● WHAT TO DO: In the data below, restate exactly the lines from the one with "Casa en alquiler" to the final line, both included, but not the pictures.

● GIVEN INFORMATION:
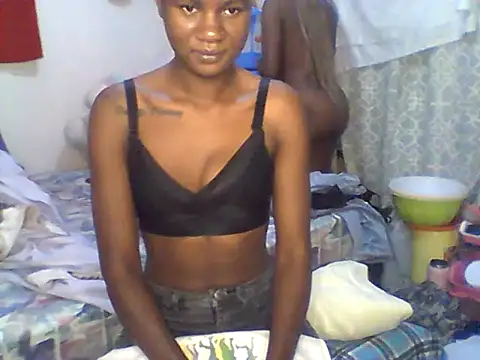 Snapshot of Ladysweetness23 chatting on 07/02/26, 03:23 Ladysweetness23 online show from 07/02/26, 03:23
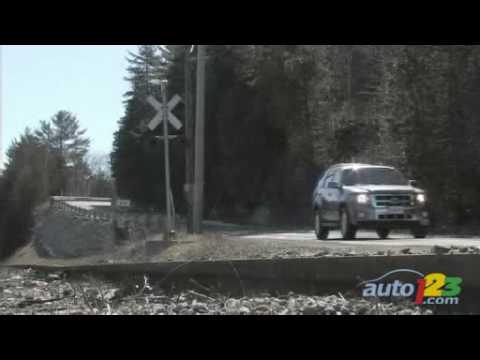 2008 Ford Escape Review by Auto123.com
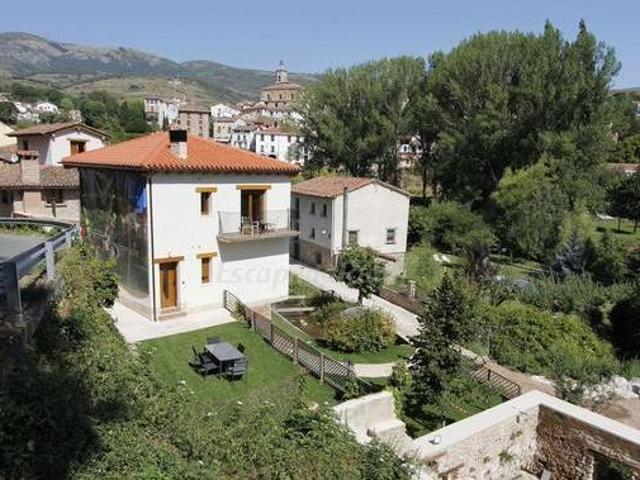 Casa en alquiler en Torrecilla En Cameros, La Rioja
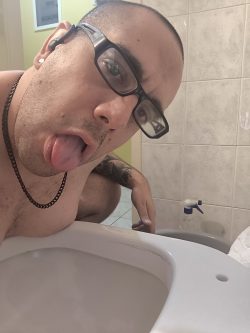 John tratarhs toilet f*ggot exposed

● WRITTEN SOLUTION:
 Casa en alquiler en Torrecilla En Cameros, La Rioja
 John tratarhs toilet f*ggot exposed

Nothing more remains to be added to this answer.